* _What this task involves_: All that is wanted is the exact text of the lines below from the one with "2021夏季新无影墙日系大码" through the one with "Construction of frames", inclusive, minus any pictures.

* _Records for the task_:

--------------------------------------------------

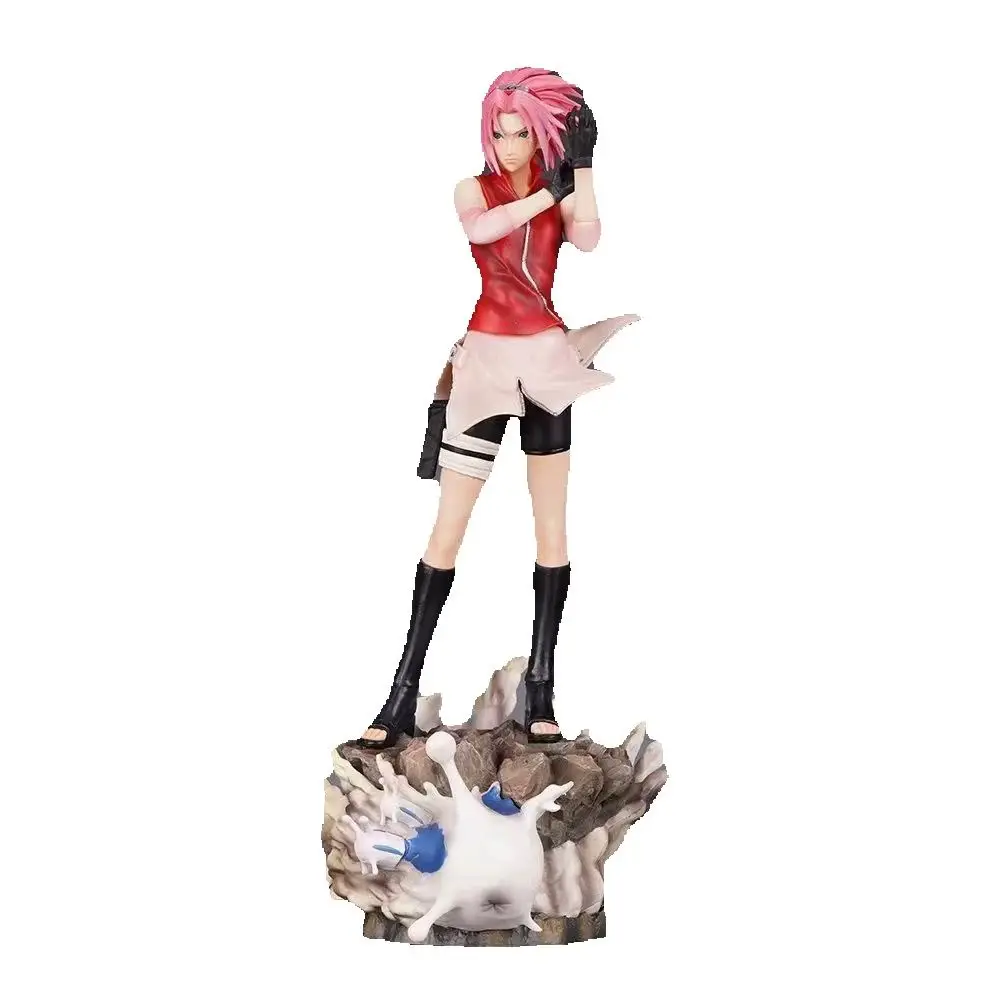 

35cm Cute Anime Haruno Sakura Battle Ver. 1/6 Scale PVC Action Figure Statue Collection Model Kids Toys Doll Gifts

--------------------------------------------------

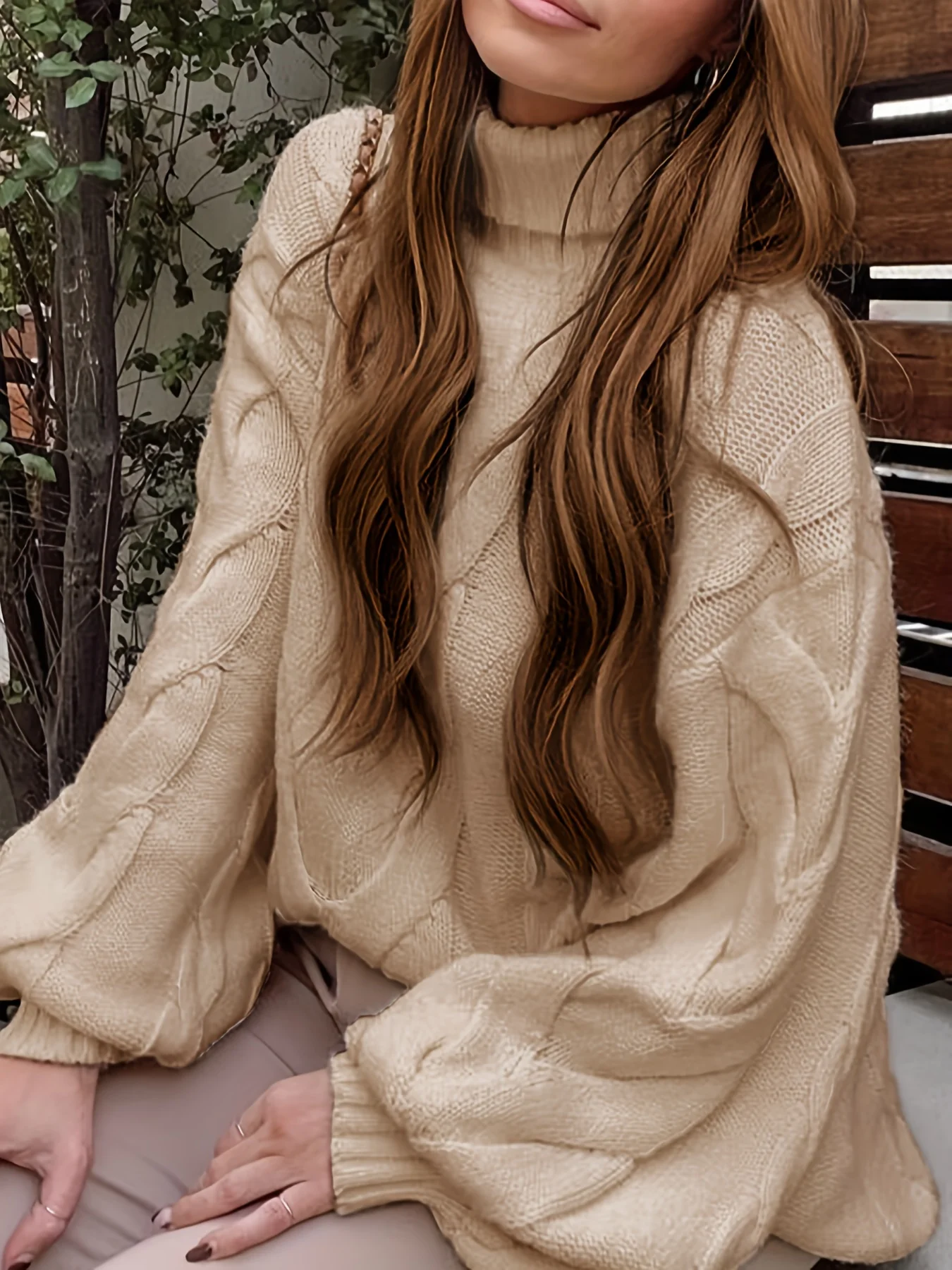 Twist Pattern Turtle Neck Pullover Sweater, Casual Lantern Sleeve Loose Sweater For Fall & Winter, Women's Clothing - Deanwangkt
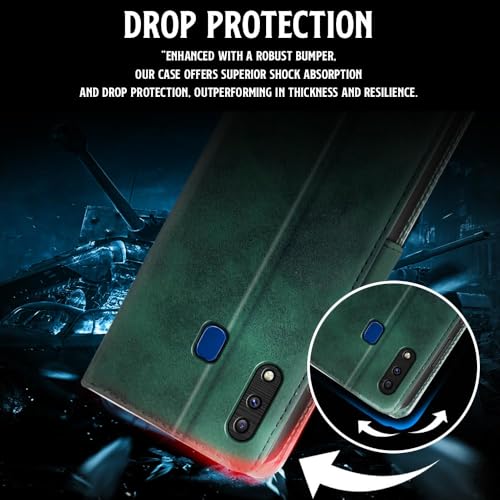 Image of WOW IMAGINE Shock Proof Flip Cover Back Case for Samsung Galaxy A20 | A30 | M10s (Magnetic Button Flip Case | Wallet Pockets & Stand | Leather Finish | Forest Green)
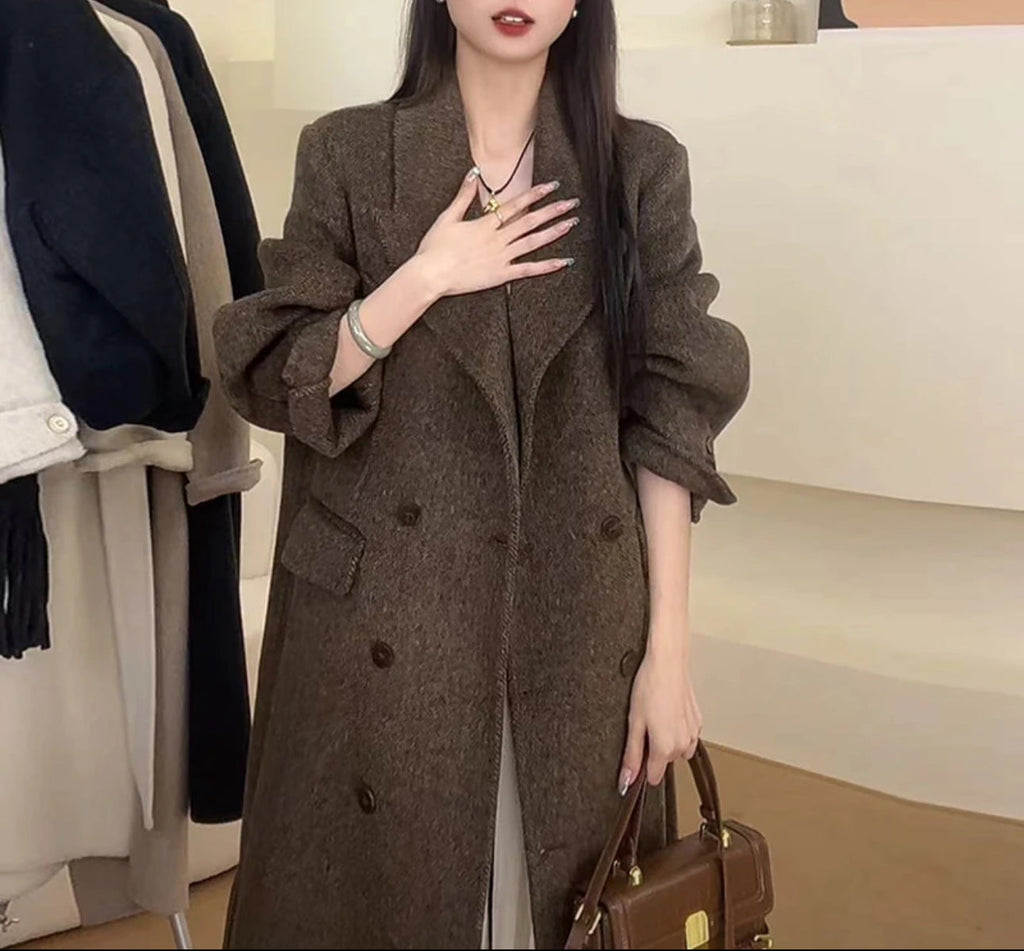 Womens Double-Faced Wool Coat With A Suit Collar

--------------------------------------------------

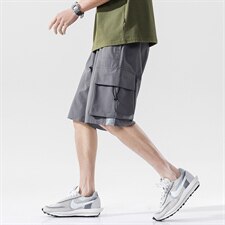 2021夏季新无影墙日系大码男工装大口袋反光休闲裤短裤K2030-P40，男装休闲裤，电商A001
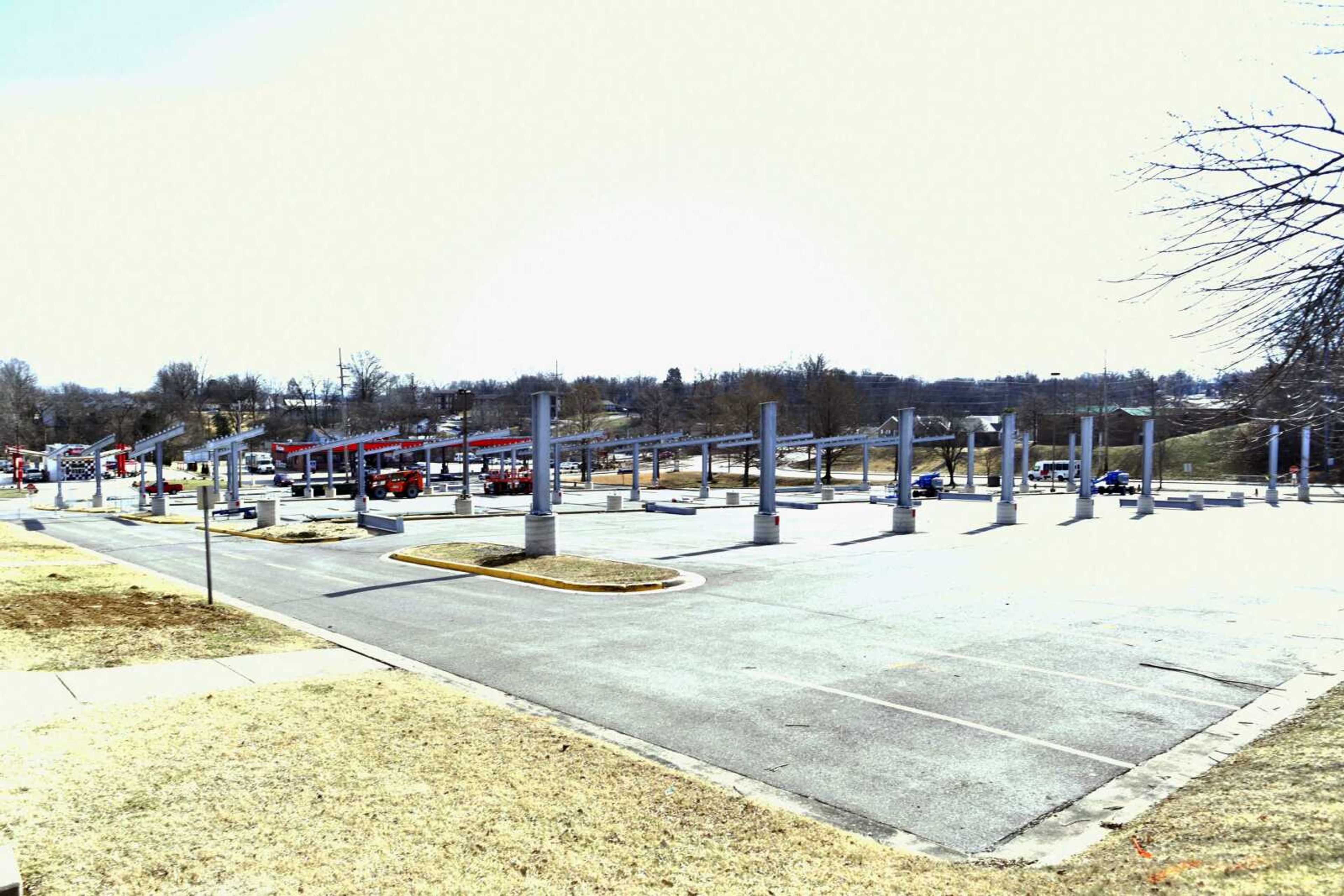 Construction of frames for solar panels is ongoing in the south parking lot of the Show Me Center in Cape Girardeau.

--------------------------------------------------

* _Response to this task_:
 2021夏季新无影墙日系大码男工装大口袋反光休闲裤短裤K2030-P40，男装休闲裤，电商A001
 Construction of frames for solar panels is ongoing in the south parking lot of the Show Me Center in Cape Girardeau.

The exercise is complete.